===== THE INPUT =====

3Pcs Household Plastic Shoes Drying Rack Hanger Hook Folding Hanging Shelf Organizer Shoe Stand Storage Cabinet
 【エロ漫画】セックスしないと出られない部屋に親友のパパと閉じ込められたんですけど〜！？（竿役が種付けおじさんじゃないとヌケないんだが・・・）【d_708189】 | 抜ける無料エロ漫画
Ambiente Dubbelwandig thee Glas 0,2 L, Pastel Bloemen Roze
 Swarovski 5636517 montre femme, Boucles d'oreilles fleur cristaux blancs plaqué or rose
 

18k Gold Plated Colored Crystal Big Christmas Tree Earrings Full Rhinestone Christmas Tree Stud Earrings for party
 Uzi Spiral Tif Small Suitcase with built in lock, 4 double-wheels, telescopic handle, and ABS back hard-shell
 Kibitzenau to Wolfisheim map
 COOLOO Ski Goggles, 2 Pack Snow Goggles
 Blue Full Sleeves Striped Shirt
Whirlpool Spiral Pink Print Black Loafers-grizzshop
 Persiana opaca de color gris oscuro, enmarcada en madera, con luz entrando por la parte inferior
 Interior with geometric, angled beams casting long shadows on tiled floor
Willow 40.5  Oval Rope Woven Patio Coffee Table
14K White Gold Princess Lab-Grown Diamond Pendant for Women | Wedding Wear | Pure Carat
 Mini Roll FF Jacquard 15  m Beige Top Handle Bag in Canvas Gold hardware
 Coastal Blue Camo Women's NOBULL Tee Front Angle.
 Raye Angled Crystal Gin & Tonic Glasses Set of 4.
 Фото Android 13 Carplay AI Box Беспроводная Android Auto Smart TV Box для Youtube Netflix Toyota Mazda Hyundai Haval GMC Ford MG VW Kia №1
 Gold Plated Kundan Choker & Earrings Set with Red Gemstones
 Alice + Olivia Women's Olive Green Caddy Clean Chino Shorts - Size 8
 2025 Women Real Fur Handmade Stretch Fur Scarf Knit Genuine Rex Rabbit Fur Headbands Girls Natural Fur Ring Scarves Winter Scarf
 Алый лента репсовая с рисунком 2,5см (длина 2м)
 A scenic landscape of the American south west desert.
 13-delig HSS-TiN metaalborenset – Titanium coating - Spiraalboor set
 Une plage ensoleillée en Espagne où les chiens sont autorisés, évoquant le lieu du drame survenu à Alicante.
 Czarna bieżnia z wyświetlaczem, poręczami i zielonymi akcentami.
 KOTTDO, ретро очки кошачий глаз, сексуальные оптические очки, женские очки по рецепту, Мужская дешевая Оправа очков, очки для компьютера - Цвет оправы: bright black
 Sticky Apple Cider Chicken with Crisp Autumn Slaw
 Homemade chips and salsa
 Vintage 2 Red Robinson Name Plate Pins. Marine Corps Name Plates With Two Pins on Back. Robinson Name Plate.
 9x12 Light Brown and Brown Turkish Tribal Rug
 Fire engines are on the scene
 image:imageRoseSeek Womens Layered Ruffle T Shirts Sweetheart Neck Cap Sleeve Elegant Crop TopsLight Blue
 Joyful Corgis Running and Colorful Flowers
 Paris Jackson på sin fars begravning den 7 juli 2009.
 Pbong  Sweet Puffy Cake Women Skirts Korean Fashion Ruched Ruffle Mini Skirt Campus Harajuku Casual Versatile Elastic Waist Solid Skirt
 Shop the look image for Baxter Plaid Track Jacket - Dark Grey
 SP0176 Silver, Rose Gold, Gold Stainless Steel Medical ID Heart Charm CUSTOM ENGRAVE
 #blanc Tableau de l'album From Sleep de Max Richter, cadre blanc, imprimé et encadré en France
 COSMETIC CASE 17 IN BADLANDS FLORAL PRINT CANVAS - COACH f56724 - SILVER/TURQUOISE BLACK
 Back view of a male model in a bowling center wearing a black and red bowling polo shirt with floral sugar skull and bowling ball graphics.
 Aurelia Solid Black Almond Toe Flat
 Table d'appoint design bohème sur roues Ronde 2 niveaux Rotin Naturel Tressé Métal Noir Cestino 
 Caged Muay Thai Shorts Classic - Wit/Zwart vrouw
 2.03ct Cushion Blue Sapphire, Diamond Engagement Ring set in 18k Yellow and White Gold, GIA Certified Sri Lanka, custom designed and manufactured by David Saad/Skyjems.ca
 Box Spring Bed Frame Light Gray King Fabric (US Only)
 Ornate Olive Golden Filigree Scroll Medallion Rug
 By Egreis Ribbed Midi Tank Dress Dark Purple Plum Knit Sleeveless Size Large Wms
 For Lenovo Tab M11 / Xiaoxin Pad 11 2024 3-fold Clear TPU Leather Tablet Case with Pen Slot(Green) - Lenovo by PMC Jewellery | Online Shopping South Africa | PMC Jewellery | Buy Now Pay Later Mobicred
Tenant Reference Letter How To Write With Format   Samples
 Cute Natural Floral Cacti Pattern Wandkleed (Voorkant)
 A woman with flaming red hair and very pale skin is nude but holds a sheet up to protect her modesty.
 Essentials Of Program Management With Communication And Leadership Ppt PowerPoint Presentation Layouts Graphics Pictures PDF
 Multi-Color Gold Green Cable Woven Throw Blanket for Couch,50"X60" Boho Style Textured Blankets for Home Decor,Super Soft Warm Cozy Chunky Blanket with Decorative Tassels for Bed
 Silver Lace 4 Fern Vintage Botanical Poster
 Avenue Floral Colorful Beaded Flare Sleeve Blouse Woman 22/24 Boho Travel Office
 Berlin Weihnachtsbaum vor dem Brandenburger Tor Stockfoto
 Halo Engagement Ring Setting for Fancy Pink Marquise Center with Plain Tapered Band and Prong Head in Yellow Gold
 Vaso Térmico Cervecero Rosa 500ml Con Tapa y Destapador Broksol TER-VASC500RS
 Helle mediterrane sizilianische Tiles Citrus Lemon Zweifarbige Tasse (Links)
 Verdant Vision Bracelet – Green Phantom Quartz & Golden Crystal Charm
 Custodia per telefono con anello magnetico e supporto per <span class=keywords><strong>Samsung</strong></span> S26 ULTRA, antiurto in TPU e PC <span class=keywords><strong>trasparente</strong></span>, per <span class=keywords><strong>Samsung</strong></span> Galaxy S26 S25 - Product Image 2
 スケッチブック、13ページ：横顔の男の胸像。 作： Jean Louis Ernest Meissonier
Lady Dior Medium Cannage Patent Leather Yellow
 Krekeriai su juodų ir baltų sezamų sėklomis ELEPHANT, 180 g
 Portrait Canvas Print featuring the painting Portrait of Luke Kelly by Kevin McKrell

=====

> _EXERCISE DESCRIPTION_:
Given the data above, transcribe exactly the lines from the one containing "A scenic landscape" down to the one containing "Homemade chips and salsa", and no others.

> _ANSWER BOX_:
 A scenic landscape of the American south west desert.
 13-delig HSS-TiN metaalborenset – Titanium coating - Spiraalboor set
 Une plage ensoleillée en Espagne où les chiens sont autorisés, évoquant le lieu du drame survenu à Alicante.
 Czarna bieżnia z wyświetlaczem, poręczami i zielonymi akcentami.
 KOTTDO, ретро очки кошачий глаз, сексуальные оптические очки, женские очки по рецепту, Мужская дешевая Оправа очков, очки для компьютера - Цвет оправы: bright black
 Sticky Apple Cider Chicken with Crisp Autumn Slaw
 Homemade chips and salsa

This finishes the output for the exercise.